Brazil Winter Olympic Hopeful Damages Spinal Cord in Tree Crash

Lais da Silva Souza, a Brazilian Olympic gymnast trying to qualify for next month’s Winter Games in Russia, underwent spinal surgery following a training accident in the U.S.

Souza, 25, and her 29-year-old training partner Joselane Rodrigues dos Santos only took up the sport in July, and were trying to become their country’s first Olympic acrobatic skiers. Souza crashed into a tree two days ago while skiing in Salt Lake City, said Felippe Rodrigues, a spokesman for Brazil’s winter sports federation, CBDN. Souza would have found out today if she’d made it to the Sochi Games, which start Feb. 7.
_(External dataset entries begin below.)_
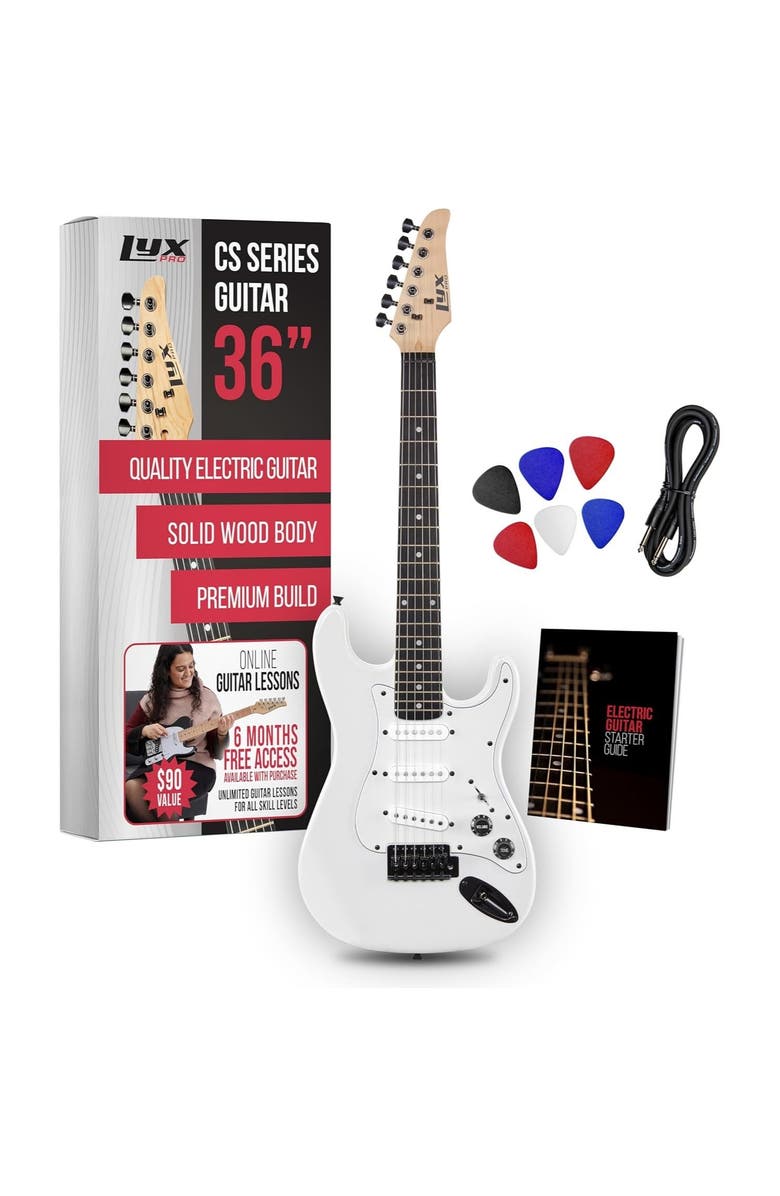 Lyxpro CS 36 Electric Guitar Kit for Beginner with Amp Cable, 6 Picks & Guide, Main, color, White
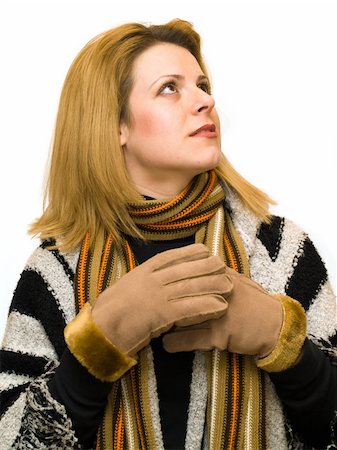 gloves woman dressed in winter clothes Stock Photo - Budget Royalty-Free & Subscription, Code: 400-05056294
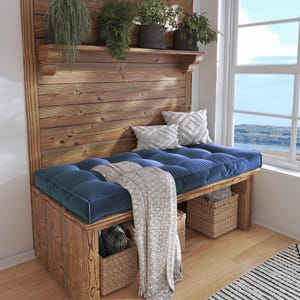Custom Washable Bench Cushion, Tufted Window Seat Cushion, Comfortable Yoga Cushion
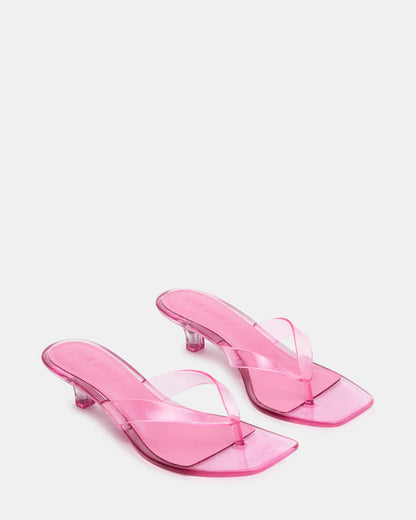 TRACIE Jelly Pink Thong Strap Women's Kitten Heel Steve Madden PINK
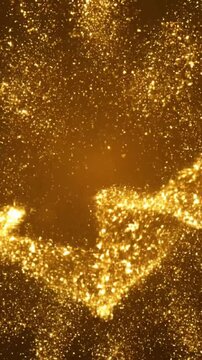 Golden background loop shows festive twinkling glit sparkles in smooth motion and bright lights for celebrations and events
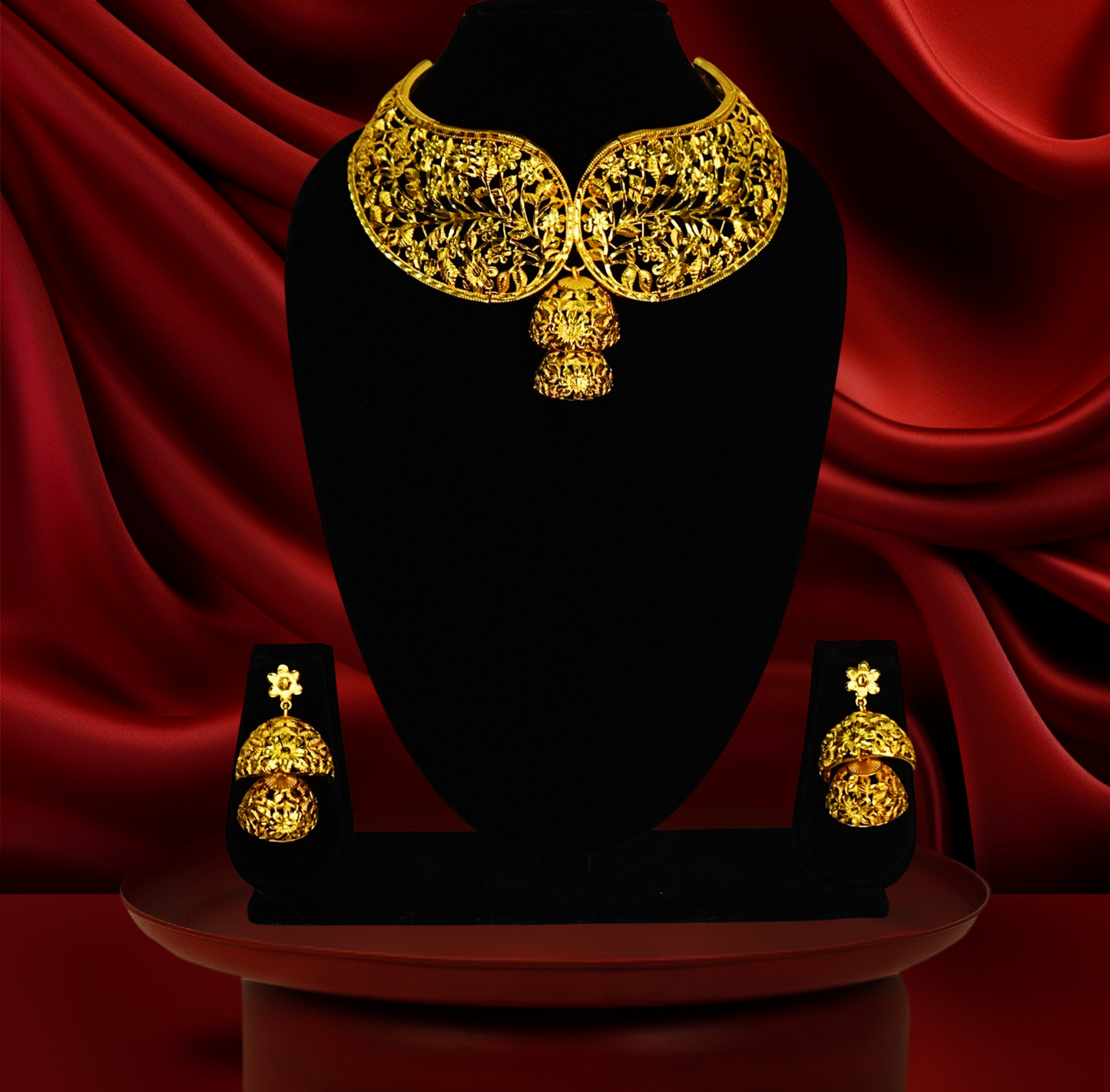 24K Gold-Plated Designer Filigree Leaf Crown Choker Set with Jhumka Earrings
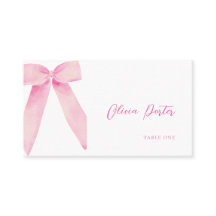 Rosa Bow Place Card Hon Gifter sig Shower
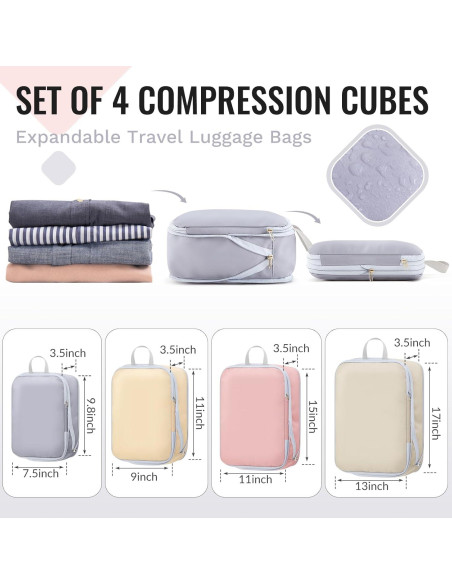 Paquete de 4 Cubos de Compresión Clysee para Maletas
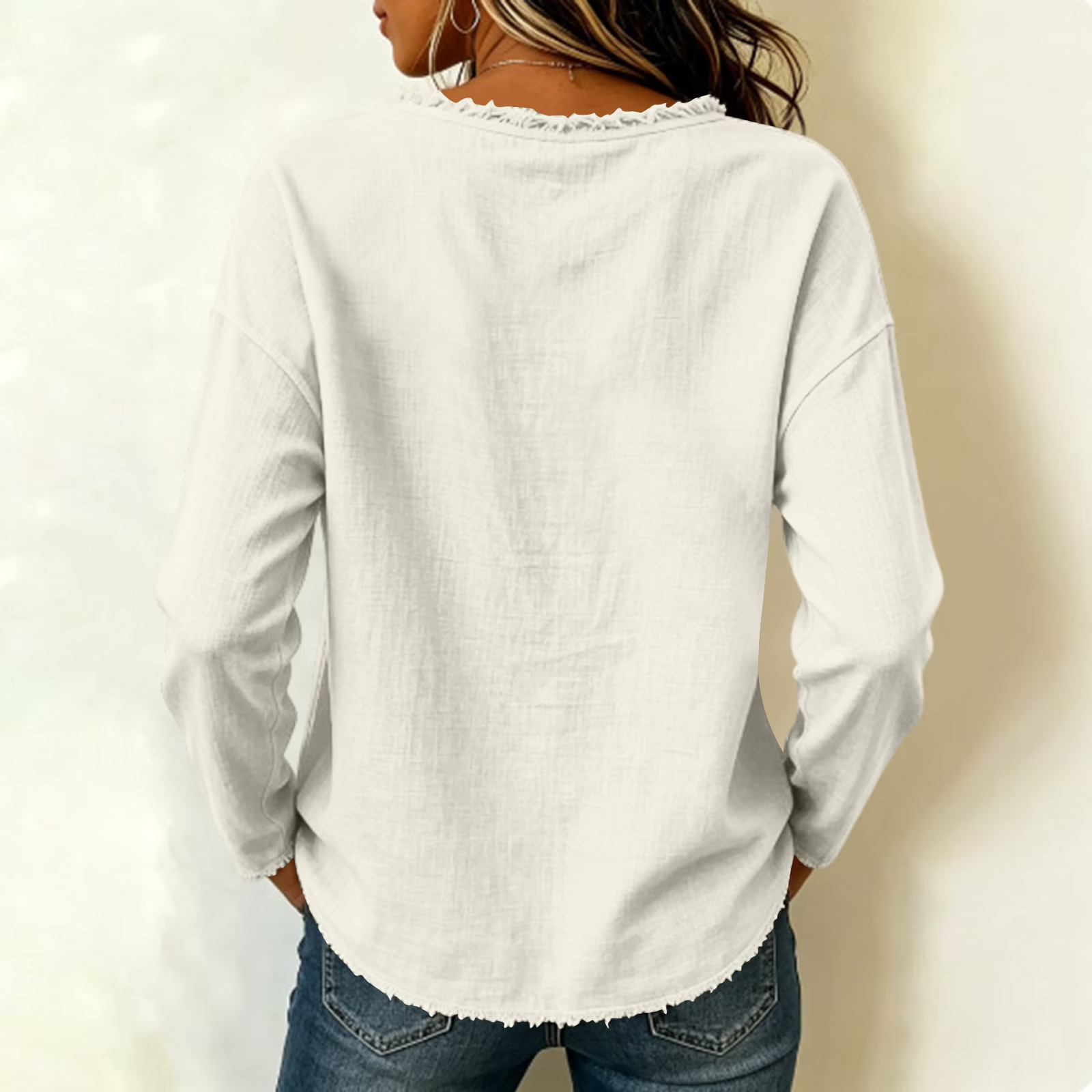DISCOUNT SALE 55% OFF🔥 Unique Stitching Patchwork Round Neck Long Sleeve Blouse for Women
“It doesn’t look really good,” Rodrigues said in a telephone interview from the CBDN’s offices in Sao Paulo. “She had a really bad situation on her vertebrae. We are still waiting for her response from surgery.”

Souza had minimal sensation from her neck down, and was only able to communicate using her eyes and by moving her head because of tubes inserted into her mouth by doctors at the University of Utah Hospital. She underwent surgery 24 hours ago.

Michael Schumacher, the record seven-time Formula One champion, remains in a coma after suffering brain injuries when he crashed into a rock while skiing in France on Dec. 29.

Souza, who competed at the summer Olympics in Athens and Beijing, and Santos were picked following a trial in May, where Canadian coach Ryan Snow tested hopefuls using a trampoline. Neither had any experience of skiing before being picked, and Souza had only seen snow once before while traveling to Ukraine for a gymnastic competition.


Acrobatic skiing, known as aerials, was added to the Winter Games in 1994. Skiers receive marks for their display, as in gymnastics.

In an interview in November, Souza said she prayed before each run to overcome any fear.

“I say ‘Please God help me,’’ she said.

Rodrigues said he was expecting official confirmation today that Brazil had secured the final place for the aerial competition at Sochi following an injury to an athlete from Belarus. That place would have gone to Souza, and now will be made available to Santos.

Santos and Souza have known each other since competing in gymnastics as children, and the pair have roomed together throughout the quest to reach the Olympics. Santos has been by Souza’s bedside since the accident.

‘‘She’s devastated,” Rodrigues said. “I couldn’t even imagine what’s going on in her head. I think she doesn’t know about the spot. We’d love her to go but it will be her decision.”